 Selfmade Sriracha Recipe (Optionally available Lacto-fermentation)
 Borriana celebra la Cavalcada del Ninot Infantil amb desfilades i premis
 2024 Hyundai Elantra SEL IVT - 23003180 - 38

» REQUIREMENT
Return all of the data precisely as it appears.

» TASK OUTPUT
 Selfmade Sriracha Recipe (Optionally available Lacto-fermentation)
 Borriana celebra la Cavalcada del Ninot Infantil amb desfilades i premis
 2024 Hyundai Elantra SEL IVT - 23003180 - 38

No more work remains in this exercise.